Folha - Qual é a "teoria" política implícita no texto de Ésquilo?
Torrano - Na minha leitura da tragédia de Ésquilo, o coro -independentemente da personalidade coletiva que ele tem e que determina a indumentária, a máscara etc.- é representante da comunidade política,
porta-voz dos ideais da pólis. Tanto
o coro dos anciãos, em "Agamêmnon", como o das coéforas ["portadoras de libações funerárias"], como
o das Erínies, nas "Eumênides", são
porta-vozes de ideais da pólis, elaboram como uma teoria política, calcada, no caso das Erínies, do temor
que inspiram as instituições da pólis.
Folha - O que o leitor de hoje pode
aprender com a "Orestéia", que o senhor designa como paradigma da tragédia grega?

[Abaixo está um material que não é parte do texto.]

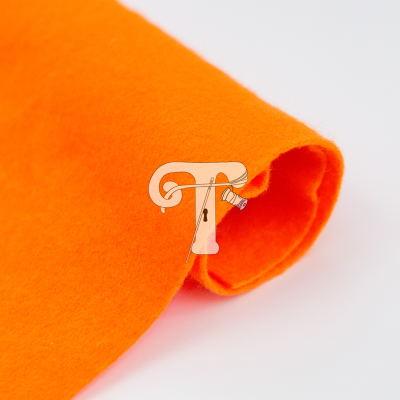 Tecido de feltro laranja enrolado sobre fundo branco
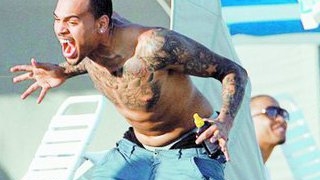 Fostul Rihannei, atacat de pescarusi pe plaja: "Fugi, Chris, fugi!"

Torrano - Penso que a identificação
pura e simples é o caminho do equívoco. A atualidade de Ésquilo é que
ele é referência de um passado longínquo, e o futuro, como já disse o filósofo, se abre para nós a partir do
passado. Trata-se, sem dúvida, de
uma referência de algo que ultrapassa as limitações do presente, a penúria do presente, a imersão no imediatismo do presente com o que isso
tem de cegueira e obtusidade.
Essa consciência histórica -ter
uma referência longínqua e externa- é um alongamento da perspectiva, um exercício da acuidade do
olhar, algo que nos mostra o outro e
que permite, por contraste, revelar a
nossa própria identidade e examinar
o futuro, vendo-nos a nós mesmos
com um olhar crítico.
Os jovens que têm cultura clássica
estão menos sujeitos a se deixarem
escravizar por seitas limitadoras, por
religiões aprisionadoras. Eles têm
uma liberdade espiritual trazida pela
consciência de que a cultura tem sua
história, seu desenvolvimento, sua
diversidade. Há outros parâmetros
com que o presente pode ser confrontado, examinado, perscrutado,
investigado. O valor atemporal [desta obra] está ligada a seu valor histórico e, se já não tivesse valor histórico, não teria mais valor nenhum.